娘が学校でいじめを受けたのは彼女が小学3年生の時でした。
いじめの内容は、娘を「菌」扱いし「汚い、近づくな」と言って避ける。「お風呂に入っていないんじゃないか?臭い」と言う。「うざい」と言う。「無視」する。小学生のいじめの定番です。言葉や態度で心を傷つける内容が中心でした。
最初は、数人の軽いおふざけ程度だったものが徐々にエスカレートし、クラスの半分以上が彼女のいじめに関わっている状態になっていました。
私は最初、いじめに気づきませんでした。というのも、いじめを認識することが発達障害の彼女にとって難しいことだったからです。本人が自覚がないので、親も気づきようがないのです。
それでもサインはありました。
「お母さん、最近ね、学校で私の周りで不思議なことが良く起こるの。朝、教室に行くとね、私の名札だけゴミ箱に入っているの」というのです。

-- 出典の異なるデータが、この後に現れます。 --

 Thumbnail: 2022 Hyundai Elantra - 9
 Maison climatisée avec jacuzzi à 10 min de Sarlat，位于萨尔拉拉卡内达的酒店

「それっていじめかしら?」と思ったものの、まさか自分の娘にいじめが起こるとは信じがたく、私は「なんでだろうね」で、その時は片付けてしまいました。
彼女の反応もなんだかズレていました。「誰かが名札をゴミ箱に入れたかもしれない」とは考えず、「名札を取るためにゴミ箱に手を入れるのが嫌だ」ということの方に関心が向かっていました。
アスペルガー症候群で人の気持ちがあまりわからない彼女は、人の悪意もわからないということをこの時、理解することができました。
いじめが発覚できたのは一人の心優しいクラスメイトのおかげです。
ある日、風邪を引いて熱が出た娘は学校を休みました。すると、その子が自分のせいで娘が学校を休んだのではないかと、担任の先生に申し出たのです。
その子は割と娘とは仲が良かったのですが、クラスメイトが娘をからかって、ひどい言葉を投げかけている時に、つい自分も一緒になって傷つくような言葉を言ってしまったというのです。そして、今、クラスメイトから娘がどんな扱いを受けているか担任の先生に話してくれました。
いじめの内容を聞いて、娘より私の方が傷ついたかもしれません。娘の方は「自分がされていたことがいじめである」という事実を認識して、はじめて傷ついたというような印象でした。